OK. Thank you very much! I will try it.
Hello!
I would like to explain the process and problems that we had so far to obtain mRNA, CDS and proteins after running TSEBRA . This software is great and easy to use. However, I would suggest to add or integrate in it the automatic extraction of mRNA, CDS and proteins (as BRAKER does).
Briefly What works for me is:
#!/bin/bash
gtf_file=$1 # Output of TSEBRA
ttable=gtf_translationtable.txt
out_file="${gtf_file}.renamed.gtf"
$HOME/TSEBRA/bin/rename_gtf.py --gtf $gtf_file --translation_tab $ttable --out $out_file
gtf2gff.pl
(This step is optional since gffread can work with both format of files).gffread
ignoring the Warnings that appear (as suggested by @LarsGab in #457 BRAKER issue
Warning: invalid GTF record, transcript_id not found: scf1 AUGUSTUS transcript 347180 347404 0.56 + . g56765.t1
#!/bin/bash
# Input files
genome=$HOME/mygenome.fasta
gtf_file=Tsebra.braker1+2_combined.gtf.renamed.gtf
# Output files
mrna_file="tsebra_gtf_gffread.mRNA.fasta"
cds_file="tsebra_gtf_gffread.CDS.fasta"
prot_file="tsebra_gtf_gffread.prot.fasta"
# Commands
gffread -w $mrna_file -g $genome $gtf_file
gffread -x $cds_file -g $genome $gtf_file
gffread -y $prot_file -g $genome $gtf_file
echo "# DONE #"
NOTE: I also tried to use Augustus scripts (gffGetmRNA.pl
and gtf2aa.pl
) to obtain the mRNA and proteins. However these scripts didn't worked for me.
gffGetmRNA.pl
gave this kind of errors:
Use of uninitialized value in concatenation (.) or string at /users/Programs/Augustus/scripts/gtf2aa.pl line 208.
gtf2aa.pl
retrieved correctly the great majority of proteins except for 80 cases out of ~60,000 that corresponded to transcripts that have a reading frame "1" or "2". This looks like some bug.Thanks,
Hi, I run TSEBRA and got the gtf file without UTRs. Then I want to get aa and CDS files according to gtf file using gtf2aa.pl and gffGetmRNA.pl in Augustus. I got lots of warnings for gtf2aa.pl: Use of uninitialized value in concatenation (.) or string at ~/Augustus/scripts/gtf2aa.pl line 208. Use of uninitialized value in concatenation (.) or string at ~/Augustus/scripts/gtf2aa.pl line 208. Use of uninitialized value in concatenation (.) or string at ~/Augustus/scripts/gtf2aa.pl line 208. ..........

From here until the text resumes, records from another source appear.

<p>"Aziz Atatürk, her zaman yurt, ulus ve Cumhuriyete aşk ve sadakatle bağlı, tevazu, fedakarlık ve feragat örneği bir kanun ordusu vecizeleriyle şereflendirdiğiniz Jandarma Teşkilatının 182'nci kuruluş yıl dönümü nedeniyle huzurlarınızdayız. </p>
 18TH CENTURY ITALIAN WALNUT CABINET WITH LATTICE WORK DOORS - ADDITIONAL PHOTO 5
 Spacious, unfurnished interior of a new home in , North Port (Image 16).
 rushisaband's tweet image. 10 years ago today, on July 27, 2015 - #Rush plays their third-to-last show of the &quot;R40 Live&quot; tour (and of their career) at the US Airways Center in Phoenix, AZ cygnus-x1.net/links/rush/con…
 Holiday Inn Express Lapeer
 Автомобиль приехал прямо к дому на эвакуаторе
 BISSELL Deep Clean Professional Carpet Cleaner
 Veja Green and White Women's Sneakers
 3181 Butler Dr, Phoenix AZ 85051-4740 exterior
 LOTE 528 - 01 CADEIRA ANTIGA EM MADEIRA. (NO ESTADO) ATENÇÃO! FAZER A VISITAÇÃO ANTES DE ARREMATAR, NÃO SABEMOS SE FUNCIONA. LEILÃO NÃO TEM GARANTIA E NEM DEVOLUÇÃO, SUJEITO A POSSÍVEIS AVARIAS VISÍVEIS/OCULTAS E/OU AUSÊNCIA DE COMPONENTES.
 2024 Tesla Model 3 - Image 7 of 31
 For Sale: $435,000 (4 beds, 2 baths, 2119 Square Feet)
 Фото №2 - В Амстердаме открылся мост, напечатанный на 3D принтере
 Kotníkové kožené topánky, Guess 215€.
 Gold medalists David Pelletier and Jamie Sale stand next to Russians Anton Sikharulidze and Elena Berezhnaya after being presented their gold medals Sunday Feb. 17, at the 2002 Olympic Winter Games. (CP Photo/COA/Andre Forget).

and gffGetmRNA.pl stops with an error: Coordinate of g9042.t1 out of sequence range. 252844 >= 252844.
My gtf file: 1 AUGUSTUS gene 1 686 . + . g1 1 AUGUSTUS transcript 1 686 . + . g1.t1 1 AUGUSTUS CDS 1 686 0.7 + 2 transcript_id "g1.t1"; gene_id "g1"; 1 AUGUSTUS exon 1 686 . + . transcript_id "g1.t1"; gene_id "g1"; 1 AUGUSTUS stop_codon 684 686 . + 0 transcript_id "g1.t1"; gene_id "g1";
Can you give me some help? Thank you!